## Material provided
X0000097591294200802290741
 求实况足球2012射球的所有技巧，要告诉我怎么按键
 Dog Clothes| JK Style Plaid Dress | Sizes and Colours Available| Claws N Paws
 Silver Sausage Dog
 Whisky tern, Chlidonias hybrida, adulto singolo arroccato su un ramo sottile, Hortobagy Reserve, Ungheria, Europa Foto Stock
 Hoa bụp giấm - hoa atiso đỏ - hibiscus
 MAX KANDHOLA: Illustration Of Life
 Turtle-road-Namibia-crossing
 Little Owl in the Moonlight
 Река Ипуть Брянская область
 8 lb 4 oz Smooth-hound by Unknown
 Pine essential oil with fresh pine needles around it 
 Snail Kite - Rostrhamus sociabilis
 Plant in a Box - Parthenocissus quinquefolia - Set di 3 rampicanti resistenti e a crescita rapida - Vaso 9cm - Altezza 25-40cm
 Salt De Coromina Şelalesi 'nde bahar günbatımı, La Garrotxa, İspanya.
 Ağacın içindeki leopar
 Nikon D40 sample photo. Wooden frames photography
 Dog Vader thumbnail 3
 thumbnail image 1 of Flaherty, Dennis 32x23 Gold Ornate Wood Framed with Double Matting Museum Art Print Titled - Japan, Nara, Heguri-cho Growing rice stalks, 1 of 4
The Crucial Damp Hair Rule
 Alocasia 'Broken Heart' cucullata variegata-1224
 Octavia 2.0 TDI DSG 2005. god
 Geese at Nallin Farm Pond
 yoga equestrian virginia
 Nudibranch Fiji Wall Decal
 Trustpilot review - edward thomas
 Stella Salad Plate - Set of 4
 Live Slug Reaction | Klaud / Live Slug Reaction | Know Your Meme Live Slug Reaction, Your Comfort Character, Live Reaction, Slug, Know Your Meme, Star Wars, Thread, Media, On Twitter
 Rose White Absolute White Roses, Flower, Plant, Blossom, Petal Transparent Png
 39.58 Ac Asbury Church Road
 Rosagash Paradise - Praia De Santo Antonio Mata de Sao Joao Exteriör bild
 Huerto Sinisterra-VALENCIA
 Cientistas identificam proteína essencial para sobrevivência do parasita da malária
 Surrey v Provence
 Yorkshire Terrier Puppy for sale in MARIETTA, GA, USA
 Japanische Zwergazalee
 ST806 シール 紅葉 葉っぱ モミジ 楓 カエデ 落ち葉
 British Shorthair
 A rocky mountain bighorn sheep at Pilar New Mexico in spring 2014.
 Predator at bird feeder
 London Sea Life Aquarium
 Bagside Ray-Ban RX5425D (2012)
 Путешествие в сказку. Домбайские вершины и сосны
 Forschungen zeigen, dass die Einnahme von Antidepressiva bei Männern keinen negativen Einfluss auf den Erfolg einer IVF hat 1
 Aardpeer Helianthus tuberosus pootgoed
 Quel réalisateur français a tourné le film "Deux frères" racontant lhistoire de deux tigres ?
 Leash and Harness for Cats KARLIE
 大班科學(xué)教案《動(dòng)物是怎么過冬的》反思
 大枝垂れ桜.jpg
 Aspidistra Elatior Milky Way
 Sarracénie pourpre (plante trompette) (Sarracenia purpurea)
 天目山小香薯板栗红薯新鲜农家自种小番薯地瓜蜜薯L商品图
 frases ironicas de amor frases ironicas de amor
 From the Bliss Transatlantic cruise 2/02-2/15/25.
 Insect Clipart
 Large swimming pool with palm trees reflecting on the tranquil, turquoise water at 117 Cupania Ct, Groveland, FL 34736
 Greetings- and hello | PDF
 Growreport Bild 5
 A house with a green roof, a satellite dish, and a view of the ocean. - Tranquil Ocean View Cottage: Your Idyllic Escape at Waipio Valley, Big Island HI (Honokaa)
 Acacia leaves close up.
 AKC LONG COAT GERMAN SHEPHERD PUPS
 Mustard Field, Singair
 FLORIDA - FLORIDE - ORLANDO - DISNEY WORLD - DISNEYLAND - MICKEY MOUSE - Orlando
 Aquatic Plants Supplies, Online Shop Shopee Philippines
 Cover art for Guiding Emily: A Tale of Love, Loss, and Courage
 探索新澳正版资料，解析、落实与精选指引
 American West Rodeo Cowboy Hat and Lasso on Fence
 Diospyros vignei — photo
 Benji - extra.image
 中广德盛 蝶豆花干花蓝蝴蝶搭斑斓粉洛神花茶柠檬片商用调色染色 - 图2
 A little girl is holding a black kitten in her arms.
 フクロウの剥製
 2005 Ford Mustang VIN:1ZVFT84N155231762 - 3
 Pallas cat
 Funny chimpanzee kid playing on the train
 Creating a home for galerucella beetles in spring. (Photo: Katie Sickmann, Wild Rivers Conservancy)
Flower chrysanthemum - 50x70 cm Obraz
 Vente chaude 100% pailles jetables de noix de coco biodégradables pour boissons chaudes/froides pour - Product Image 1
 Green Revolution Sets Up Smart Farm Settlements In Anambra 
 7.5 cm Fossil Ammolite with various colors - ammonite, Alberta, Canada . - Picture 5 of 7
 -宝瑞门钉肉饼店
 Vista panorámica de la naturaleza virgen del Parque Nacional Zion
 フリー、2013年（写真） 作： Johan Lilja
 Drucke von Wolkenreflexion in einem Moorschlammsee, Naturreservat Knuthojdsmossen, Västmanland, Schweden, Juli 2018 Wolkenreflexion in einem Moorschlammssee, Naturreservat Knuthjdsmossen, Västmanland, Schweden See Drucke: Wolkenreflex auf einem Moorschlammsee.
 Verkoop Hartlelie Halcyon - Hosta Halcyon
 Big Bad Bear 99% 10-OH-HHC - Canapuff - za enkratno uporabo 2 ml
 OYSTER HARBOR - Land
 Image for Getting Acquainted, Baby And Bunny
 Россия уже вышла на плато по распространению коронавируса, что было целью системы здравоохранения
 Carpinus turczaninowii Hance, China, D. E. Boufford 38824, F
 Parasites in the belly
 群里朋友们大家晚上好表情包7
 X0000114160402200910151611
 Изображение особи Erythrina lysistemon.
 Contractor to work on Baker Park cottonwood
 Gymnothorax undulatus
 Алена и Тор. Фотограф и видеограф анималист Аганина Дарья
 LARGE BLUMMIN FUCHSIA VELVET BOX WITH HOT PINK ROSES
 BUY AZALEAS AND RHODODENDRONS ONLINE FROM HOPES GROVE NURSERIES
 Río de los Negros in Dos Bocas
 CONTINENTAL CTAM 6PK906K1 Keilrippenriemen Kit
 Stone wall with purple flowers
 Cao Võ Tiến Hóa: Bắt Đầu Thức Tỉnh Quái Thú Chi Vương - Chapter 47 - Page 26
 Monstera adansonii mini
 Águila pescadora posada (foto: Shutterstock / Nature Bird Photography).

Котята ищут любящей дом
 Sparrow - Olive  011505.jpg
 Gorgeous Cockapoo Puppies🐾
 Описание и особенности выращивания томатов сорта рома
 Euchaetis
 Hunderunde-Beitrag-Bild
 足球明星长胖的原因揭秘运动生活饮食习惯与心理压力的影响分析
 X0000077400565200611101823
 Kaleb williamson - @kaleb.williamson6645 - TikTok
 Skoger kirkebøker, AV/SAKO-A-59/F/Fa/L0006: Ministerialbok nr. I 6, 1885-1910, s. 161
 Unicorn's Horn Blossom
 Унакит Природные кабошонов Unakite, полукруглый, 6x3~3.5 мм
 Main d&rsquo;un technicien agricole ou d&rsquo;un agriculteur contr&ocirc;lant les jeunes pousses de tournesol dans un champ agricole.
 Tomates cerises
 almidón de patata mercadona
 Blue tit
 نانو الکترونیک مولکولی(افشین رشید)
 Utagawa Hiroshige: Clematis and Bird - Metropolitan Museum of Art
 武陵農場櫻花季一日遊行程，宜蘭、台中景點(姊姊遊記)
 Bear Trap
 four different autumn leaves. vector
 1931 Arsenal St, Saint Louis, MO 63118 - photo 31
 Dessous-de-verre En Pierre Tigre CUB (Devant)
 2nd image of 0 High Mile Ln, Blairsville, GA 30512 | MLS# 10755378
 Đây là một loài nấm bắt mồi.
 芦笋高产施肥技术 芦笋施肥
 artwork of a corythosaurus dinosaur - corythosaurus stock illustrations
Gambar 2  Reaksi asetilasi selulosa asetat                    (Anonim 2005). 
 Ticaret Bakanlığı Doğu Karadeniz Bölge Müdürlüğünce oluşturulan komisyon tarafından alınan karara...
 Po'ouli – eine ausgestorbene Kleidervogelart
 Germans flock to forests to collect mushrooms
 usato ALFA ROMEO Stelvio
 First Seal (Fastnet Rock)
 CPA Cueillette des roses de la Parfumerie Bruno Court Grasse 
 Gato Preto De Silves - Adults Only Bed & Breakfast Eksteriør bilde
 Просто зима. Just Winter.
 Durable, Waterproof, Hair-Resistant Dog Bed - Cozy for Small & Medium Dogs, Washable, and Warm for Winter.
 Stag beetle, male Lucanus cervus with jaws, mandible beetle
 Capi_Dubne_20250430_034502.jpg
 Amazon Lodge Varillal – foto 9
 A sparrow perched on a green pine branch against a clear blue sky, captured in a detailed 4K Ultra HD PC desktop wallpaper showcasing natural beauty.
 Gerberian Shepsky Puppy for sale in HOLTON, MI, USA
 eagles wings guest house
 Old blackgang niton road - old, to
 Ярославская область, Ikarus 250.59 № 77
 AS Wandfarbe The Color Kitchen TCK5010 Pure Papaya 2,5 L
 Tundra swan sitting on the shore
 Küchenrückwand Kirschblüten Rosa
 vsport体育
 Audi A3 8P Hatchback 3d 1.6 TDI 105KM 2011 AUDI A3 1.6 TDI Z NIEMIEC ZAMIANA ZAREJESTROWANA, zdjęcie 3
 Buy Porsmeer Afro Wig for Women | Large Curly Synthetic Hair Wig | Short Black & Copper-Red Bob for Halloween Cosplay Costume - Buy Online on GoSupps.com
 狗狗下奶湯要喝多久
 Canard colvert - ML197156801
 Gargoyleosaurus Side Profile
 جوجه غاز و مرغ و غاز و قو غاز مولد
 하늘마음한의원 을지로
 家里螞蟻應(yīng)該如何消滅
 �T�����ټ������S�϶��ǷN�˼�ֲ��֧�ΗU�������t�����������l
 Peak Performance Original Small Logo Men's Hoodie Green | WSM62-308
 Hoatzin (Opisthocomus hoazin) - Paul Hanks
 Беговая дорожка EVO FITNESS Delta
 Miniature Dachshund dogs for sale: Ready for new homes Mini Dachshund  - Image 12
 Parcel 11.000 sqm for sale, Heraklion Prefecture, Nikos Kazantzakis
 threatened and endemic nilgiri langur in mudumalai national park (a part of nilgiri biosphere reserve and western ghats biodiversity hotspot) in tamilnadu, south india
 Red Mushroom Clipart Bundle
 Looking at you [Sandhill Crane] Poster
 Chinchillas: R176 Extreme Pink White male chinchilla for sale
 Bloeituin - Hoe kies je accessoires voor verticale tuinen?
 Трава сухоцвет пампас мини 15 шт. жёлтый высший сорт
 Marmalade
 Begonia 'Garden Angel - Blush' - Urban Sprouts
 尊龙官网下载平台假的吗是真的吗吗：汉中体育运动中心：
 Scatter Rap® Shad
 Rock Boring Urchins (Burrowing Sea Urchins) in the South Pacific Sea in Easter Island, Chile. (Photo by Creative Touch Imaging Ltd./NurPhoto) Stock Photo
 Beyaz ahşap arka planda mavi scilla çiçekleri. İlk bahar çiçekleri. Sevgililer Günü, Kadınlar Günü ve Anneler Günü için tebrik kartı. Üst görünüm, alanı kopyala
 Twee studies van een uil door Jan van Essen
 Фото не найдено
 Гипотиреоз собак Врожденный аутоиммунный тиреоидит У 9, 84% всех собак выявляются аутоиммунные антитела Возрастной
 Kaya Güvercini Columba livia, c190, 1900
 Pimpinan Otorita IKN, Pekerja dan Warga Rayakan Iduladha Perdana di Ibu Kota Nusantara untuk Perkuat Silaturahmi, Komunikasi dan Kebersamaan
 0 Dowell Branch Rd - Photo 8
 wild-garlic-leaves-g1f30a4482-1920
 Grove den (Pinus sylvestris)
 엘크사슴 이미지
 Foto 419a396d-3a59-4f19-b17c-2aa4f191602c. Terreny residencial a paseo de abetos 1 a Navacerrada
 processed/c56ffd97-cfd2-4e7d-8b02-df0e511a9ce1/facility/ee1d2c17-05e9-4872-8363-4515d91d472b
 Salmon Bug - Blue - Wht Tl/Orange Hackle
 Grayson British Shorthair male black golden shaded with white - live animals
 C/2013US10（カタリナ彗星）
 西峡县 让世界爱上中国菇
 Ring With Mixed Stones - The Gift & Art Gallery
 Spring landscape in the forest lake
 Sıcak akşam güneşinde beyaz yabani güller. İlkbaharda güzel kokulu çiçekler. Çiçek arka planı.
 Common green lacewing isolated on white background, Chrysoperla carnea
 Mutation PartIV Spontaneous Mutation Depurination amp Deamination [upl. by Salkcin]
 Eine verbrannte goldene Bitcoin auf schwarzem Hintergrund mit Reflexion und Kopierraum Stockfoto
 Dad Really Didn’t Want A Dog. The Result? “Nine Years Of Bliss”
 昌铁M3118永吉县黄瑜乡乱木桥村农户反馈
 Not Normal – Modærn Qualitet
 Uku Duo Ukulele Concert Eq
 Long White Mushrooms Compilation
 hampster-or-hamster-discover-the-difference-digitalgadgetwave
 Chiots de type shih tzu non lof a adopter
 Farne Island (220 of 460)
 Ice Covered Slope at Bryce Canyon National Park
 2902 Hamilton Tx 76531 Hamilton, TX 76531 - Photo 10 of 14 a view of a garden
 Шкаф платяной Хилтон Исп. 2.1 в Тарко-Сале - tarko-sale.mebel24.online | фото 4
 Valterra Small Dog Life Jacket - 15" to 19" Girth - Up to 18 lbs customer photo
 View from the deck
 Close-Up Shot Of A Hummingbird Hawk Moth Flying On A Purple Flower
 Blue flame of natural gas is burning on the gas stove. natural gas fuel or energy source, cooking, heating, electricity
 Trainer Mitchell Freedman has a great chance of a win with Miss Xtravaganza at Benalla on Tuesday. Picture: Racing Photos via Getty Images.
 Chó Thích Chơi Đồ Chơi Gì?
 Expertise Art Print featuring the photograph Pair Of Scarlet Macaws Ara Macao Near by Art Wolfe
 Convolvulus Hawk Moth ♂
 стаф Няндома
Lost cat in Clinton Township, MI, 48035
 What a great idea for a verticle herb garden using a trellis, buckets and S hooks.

## Work order
Transcribe the lines above between the line holding "1931 Arsenal St, Saint" and the line holding "Ярославская область, Ikarus 250.59 № 77", inclusive, exactly as they stand and with nothing added.

## Answer to this problem
 1931 Arsenal St, Saint Louis, MO 63118 - photo 31
 Dessous-de-verre En Pierre Tigre CUB (Devant)
 2nd image of 0 High Mile Ln, Blairsville, GA 30512 | MLS# 10755378
 Đây là một loài nấm bắt mồi.
 芦笋高产施肥技术 芦笋施肥
 artwork of a corythosaurus dinosaur - corythosaurus stock illustrations
Gambar 2  Reaksi asetilasi selulosa asetat                    (Anonim 2005). 
 Ticaret Bakanlığı Doğu Karadeniz Bölge Müdürlüğünce oluşturulan komisyon tarafından alınan karara...
 Po'ouli – eine ausgestorbene Kleidervogelart
 Germans flock to forests to collect mushrooms
 usato ALFA ROMEO Stelvio
 First Seal (Fastnet Rock)
 CPA Cueillette des roses de la Parfumerie Bruno Court Grasse 
 Gato Preto De Silves - Adults Only Bed & Breakfast Eksteriør bilde
 Просто зима. Just Winter.
 Durable, Waterproof, Hair-Resistant Dog Bed - Cozy for Small & Medium Dogs, Washable, and Warm for Winter.
 Stag beetle, male Lucanus cervus with jaws, mandible beetle
 Capi_Dubne_20250430_034502.jpg
 Amazon Lodge Varillal – foto 9
 A sparrow perched on a green pine branch against a clear blue sky, captured in a detailed 4K Ultra HD PC desktop wallpaper showcasing natural beauty.
 Gerberian Shepsky Puppy for sale in HOLTON, MI, USA
 eagles wings guest house
 Old blackgang niton road - old, to
 Ярославская область, Ikarus 250.59 № 77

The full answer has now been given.